- **Task description**
Copy word for word the line containing "3454 Pine St, Hale, MI" together with all lines following it to the end of the listing below, without the pictures.

- **Data block**
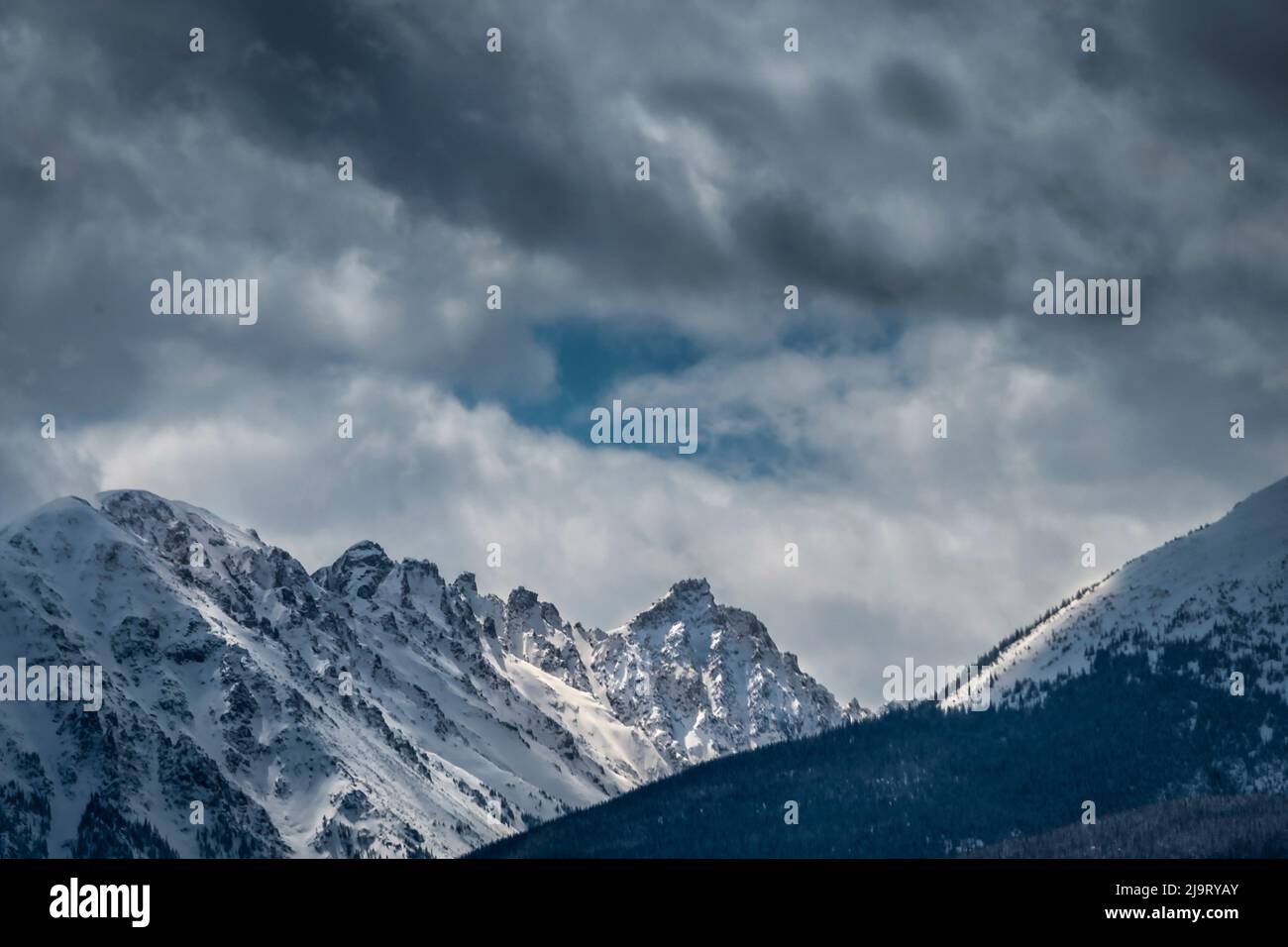 USA, Colorado, Steamboat Springs. Storm clouds form over mountains. Stock Photo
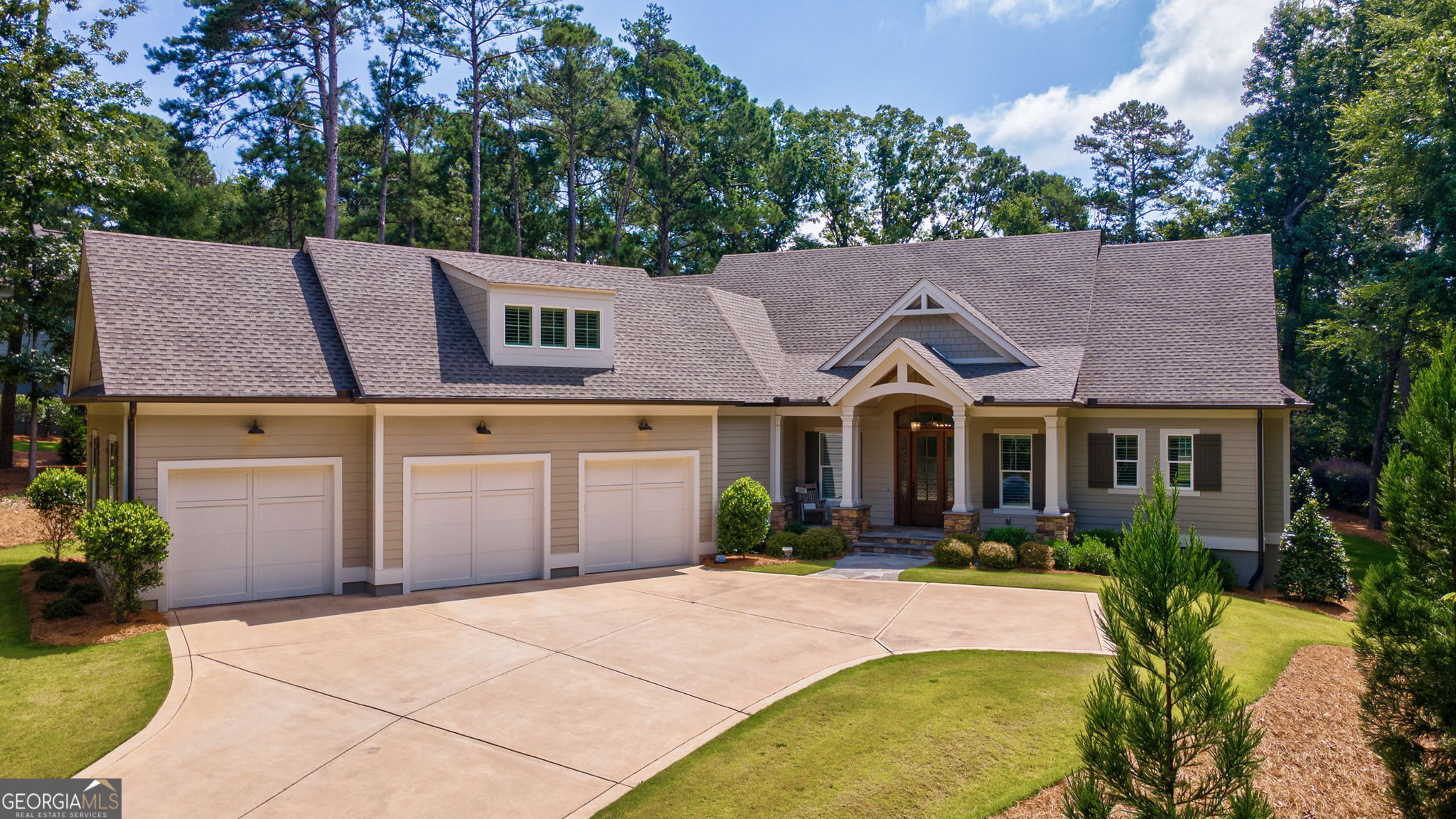 Beautifully appointed custom home with expansive golf course views in the heart of renowned Reynolds Lake Oconee. Built in 2022 and meticulously maintained, this like new home offers both luxury finishes and quality upgrades throughout. Open concept plan with a large great room featuring vault ceilings and a fireplace, open to a large and inviting sunroom with walls of windows to the golf course and a second fireplace. Kitchen and breakfast bar boast quartz counters and an eat-in area in addition to the dining room. Owners Suite on main offers a very spacious spa-like bath and walk in closet with two more bedrooms and baths onthe main level. Upstairs is a huge, very private suite with full bath ideal as a guest room, bunk room, home office, game room or fitness space! Situated on a quiet cul-de-sac, overlooking the Preserve golf course with .96 acres of manicured grounds to complete a pristine exterior. Some of the added extras include a spacious laundry room and pantry, three car garage with extra storage space, encapsulated crawlspace, spray foam insulation, ceiling fans and window treatments throughout. Seller is making a golf level membership available. Come and enjoy life in one of the southeast's premier lake and golf communities!
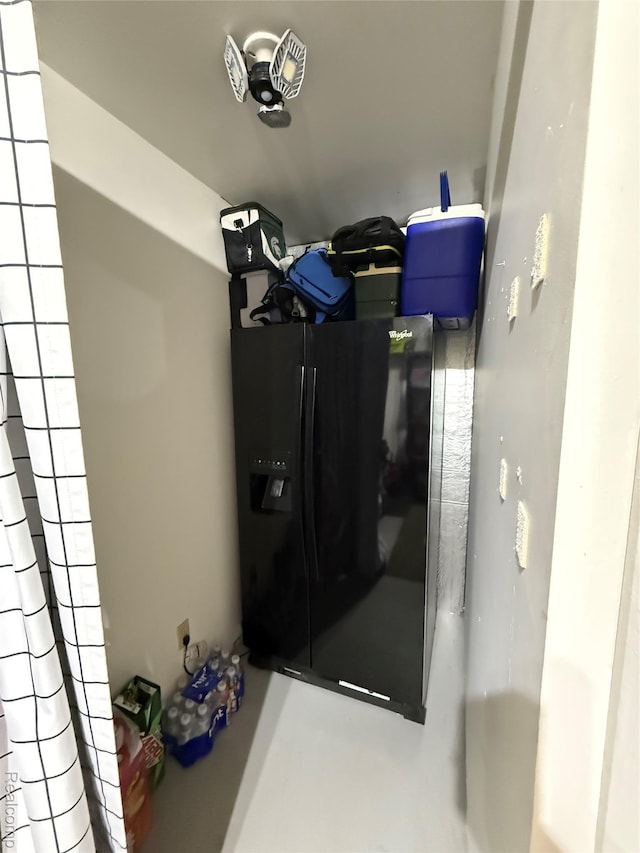 3454 Pine St, Hale, MI 48739 - detailed view of black fridge with ice dispenser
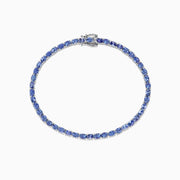 The Nahla Siri Sterling Silver Tanzanite Tennis Bracelet, 6.65 TCW, features oval-cut blue stones in a circular design, set in elegant sterling silver and shown on a white background.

- **Solution for this exercise**
 3454 Pine St, Hale, MI 48739 - detailed view of black fridge with ice dispenser
 The Nahla Siri Sterling Silver Tanzanite Tennis Bracelet, 6.65 TCW, features oval-cut blue stones in a circular design, set in elegant sterling silver and shown on a white background.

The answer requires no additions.